All Julie’s schemes of work for textiles are published on the Sawtry Community College website at www.sawtrycc.com. She has structured all the modules to help give children the skills to answer a problem that is put to them. In the Year 7 Novelty Notebook module, the problem is to produce a stylish cover for a notebook. It must be suitable for sale at a garden centre, which has a neighbouring butterfly farm and aquarium - a unisex theme which steers clear of the “Manchester United this, Manchester United that” school of design.

“At the beginning of the module I explain the problem, and explain that they are going to be learning techniques they can use to manufacture the cover, and (that they will be) seeing other students’ work. So they design knowing the manufacturing techniques they will use and knowing how other people have made the product.”

Nuffield Foundation

Julie’s thinking has been heavily influenced by her work as an area field officer with the Nuffield Foundation’s Design and Technology Project, which produces teaching and learning materials.

“It is hard when you are in school, working in isolation. Dr David Barlex, the project director, has been very motivating - constantly urging me to give the children freedom to make their own design decisions, rather than just giving them the components. For me, design and technology is all about decision-making, and we need to get this over to the children. These are the skills that will help them in future.”

The new Nuffield Secondary Design and Technology website at www.secondarydandt.org will be launched on June 25, offering downloadable project resources for key stages 3 and 4.

Portfolio of samples

Julie keeps a portfolio containing examples of children’s work at every stage of a project.

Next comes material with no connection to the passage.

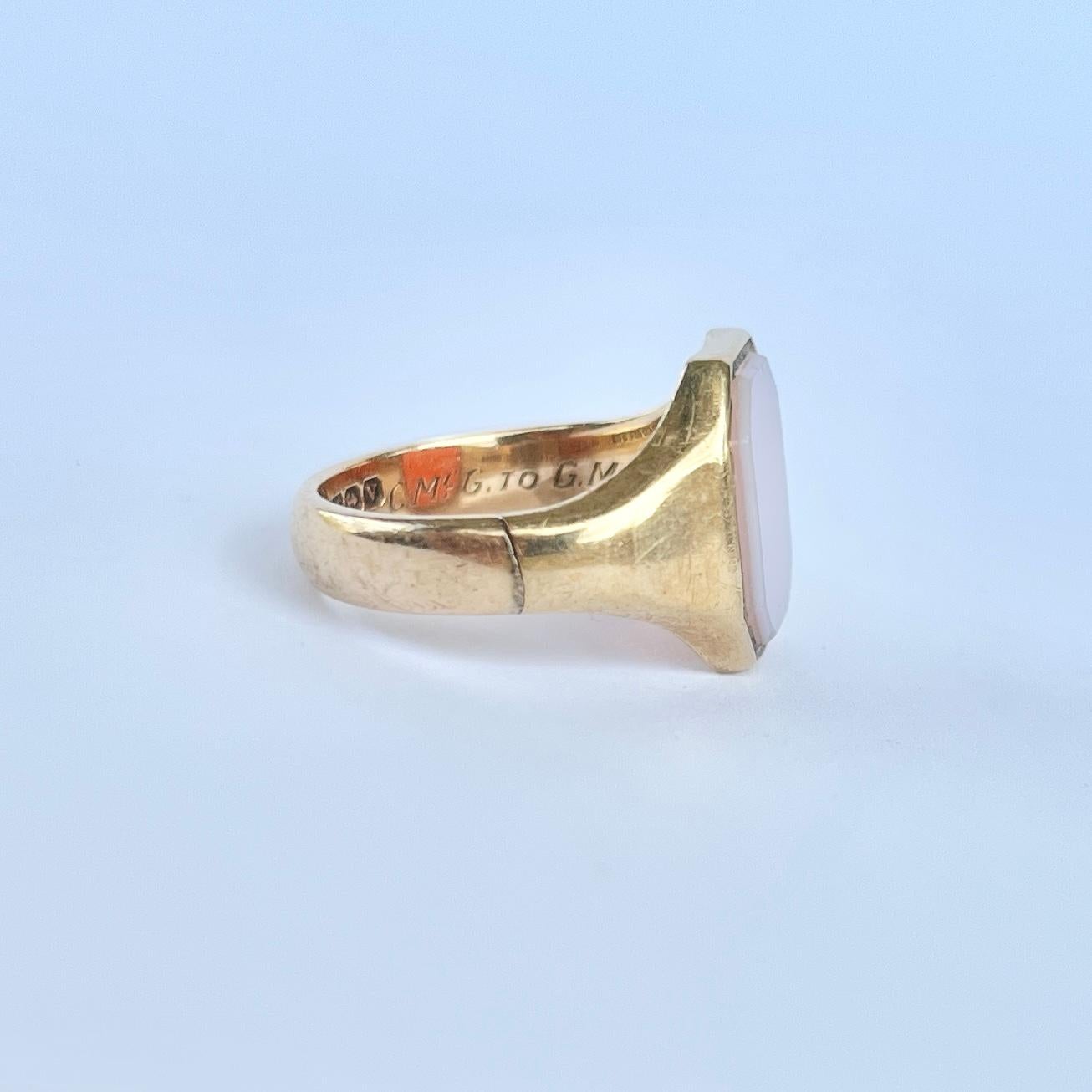Vintage Sardonyx and 9 Carat Gold Ring In Good Condition For Sale In Chipping Campden, GB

“At any time I can get my folder out and show students what they are going to be doing. They see the standards I expect of them - neat cutting and sticking down; straight stitching - and they see that these are not impossible to achieve. I have portfolios for each of my KS3 modules and I use them as a benchmark for assessment.”

Sewing supplies and machine support

Julie relies on Kettering Sewing Centre in Northampton (Tel: 01604 637200) to ensure her machines are always working, and to post her emergency supplies, such as machine needles. She says that Nova Trimmings (Tel: 0116 253 1144; www.novatrimmingsltd.co.uk) supply reasonably-priced trimmings and components which, she says, “helps to finance projects that might otherwise not be affordable.”

ICT training

All staff at Sawtry have gained their European Computer Driving Licence (ECDL) qualification, which focuses on using ICT to increase productivity. Administration in the school is computer-based and most staff communication takes place via email.

The design and technology department has 10 laptops and its own computer suite, which opened last autumn.

Julie’s advice to first-time users of ICT is to forget the old concept that the teacher must know everything.

“We are not now expected to be the fount of all knowledge. We are facilitators, saying to students, how are we going to do this together?”